Through the end, the mixture started to give its distinct, nourishing, and lovely smell 🙂
Ingredients: 400 mls (211 grms) of whole wheat flour and 400 mls of enriched all purpose flour (the conversions are based on an internet site; I do not have baking cups or a balance to weigh the flour; but I do have a liquid measuring cup. So I went with this rather simple measurement).
Procedure, observations, and feelings:
1) I mixed the flour well in a container with my hands and making sure that the flour gets “air”. I then added the yeast mixture and mixed them all lightly. It very easily formed a nice and smooth dough. It was a little bit sticky but not too much. A little bit of extra flour helped get rid of the dough from my hand.
Surprisingly, I did not need to add flour or water – looks like I just got the right amounts 🙂
2) I then formed an imperfect and round dough to which I also added salt, and put aside for a minute or so. (They say that salt can inhibit the action of yeast- that is why I added the salt at the end).
Rising of the dough
Procedure, observations, and feelings:
1) I turned on the oven for a minute to make it a warm environment for my dough to rise. I immediately turned it off after making sure that inside temperature was warm. I placed the dough in the oven, which I had covered loosely with cling wrap.
2) Half an hour later, I took the dough out and tried “pull and fold” technique I had seen in multiple places. This is supposed to help with the formation of “gluten” protein. The pull and fold technique is rather a gentle procedure to prevent from breaking the gluten.
The dough had risen a little bit and was sticky and did not fold well, but I pulled it 3-4 times. This almost brought it back to its original size. I was saddened a little bit, thinking that I have done something wrong 😦 and put it back in the oven, this time also placing a clean towel on top of the wrap).
I also sprinkled the top of the dough with some flour (mom told so – thank you mom!).
3) As someone who is intrigued and not sure what she is doing, I admit I took the dough out around 5-6 times during the 2-hours in-oven rising saga, and checked whether the dough was rising. And the great news: Yes, it was!
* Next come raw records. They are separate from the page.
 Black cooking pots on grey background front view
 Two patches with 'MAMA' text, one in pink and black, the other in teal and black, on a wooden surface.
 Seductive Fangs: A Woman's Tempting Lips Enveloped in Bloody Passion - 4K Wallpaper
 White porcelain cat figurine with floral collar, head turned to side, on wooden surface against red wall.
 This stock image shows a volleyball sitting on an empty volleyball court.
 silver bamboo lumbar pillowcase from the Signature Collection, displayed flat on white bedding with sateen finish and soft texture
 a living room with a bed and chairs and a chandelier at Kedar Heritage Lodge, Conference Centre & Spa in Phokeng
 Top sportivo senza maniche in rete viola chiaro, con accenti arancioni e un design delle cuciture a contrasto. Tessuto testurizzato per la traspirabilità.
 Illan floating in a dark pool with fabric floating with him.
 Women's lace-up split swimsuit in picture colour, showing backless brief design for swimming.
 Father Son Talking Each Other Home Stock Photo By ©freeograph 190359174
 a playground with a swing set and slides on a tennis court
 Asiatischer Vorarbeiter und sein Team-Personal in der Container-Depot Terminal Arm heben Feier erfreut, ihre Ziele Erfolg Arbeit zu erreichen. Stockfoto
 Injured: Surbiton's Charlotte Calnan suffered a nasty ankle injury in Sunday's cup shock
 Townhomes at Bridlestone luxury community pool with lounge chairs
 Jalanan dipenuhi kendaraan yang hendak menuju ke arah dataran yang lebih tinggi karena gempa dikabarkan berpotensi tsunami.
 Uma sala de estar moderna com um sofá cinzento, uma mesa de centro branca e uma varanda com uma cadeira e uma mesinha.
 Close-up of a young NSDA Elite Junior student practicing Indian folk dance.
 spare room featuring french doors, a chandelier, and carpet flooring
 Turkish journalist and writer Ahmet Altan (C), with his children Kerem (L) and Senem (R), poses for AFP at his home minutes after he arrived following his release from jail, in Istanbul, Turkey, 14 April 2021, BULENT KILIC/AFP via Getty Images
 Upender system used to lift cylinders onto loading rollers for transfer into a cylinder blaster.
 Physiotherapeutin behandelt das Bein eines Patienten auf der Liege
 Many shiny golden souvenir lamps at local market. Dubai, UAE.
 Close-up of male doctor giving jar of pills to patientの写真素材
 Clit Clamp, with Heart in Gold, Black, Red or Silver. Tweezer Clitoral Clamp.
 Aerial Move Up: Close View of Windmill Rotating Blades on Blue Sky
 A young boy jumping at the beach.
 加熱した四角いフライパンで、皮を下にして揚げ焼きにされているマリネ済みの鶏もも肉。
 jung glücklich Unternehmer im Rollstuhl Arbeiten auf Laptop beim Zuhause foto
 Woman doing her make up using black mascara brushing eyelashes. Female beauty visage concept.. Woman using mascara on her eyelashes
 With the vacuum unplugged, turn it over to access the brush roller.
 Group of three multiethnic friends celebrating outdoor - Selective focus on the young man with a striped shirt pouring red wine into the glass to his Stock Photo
Each time I did that I was also aware that the temperature in the oven would have been lost, so I made sure that the container was still warm – and to my surprise it was okay the first 1.5 hours. After that I left the oven light on to keep it warm
I took a picture 1 and 2 hours of rising. 1 hour rising was really cool 🙂
4. After 2 hours of rising in the oven, the dough had risen so much that I could not even believe that someone like me (who does not like cooking or is patient enough) could help make such a wonderful thing. What a beauty 🙂 🙂 🙂
I was also not sure whether it rose too much – I read somewhere that it was not good for the loaf :((
As recommended, I gently pressed down the dough to let gas out and moved on with shaping the loafs.
But wait…. The dough went down to its original size pretty fast… Did I do something wrong?? Will it rise again?? Is this tears in my eyes and disappointment that breaks my heart??
Considering the small volume of the dough, I decided to make baguettes.
Shaping the baguettes
Procedure, observations, and feelings:
Dough was stickier than I expected. So, after collecting myself and telling myself over and over that there was still life in the dough :), I added a fistful of flour to the mixture and I rolled/kneaded it gently on a floured surface.